## YOUR ASSIGNMENT
Copy out the lines of the records below, and only those lines, from the one with "2019 Chevrolet Traverse Premier" through the one with "Adults Pit Viper", exactly as they appear.

## GIVEN DATA
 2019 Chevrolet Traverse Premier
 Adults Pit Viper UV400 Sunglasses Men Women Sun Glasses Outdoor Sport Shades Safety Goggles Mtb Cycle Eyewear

* * *

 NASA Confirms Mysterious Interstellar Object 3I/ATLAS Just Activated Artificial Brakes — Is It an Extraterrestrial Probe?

## EXERCISE OUTPUT
 2019 Chevrolet Traverse Premier
 Adults Pit Viper UV400 Sunglasses Men Women Sun Glasses Outdoor Sport Shades Safety Goggles Mtb Cycle Eyewear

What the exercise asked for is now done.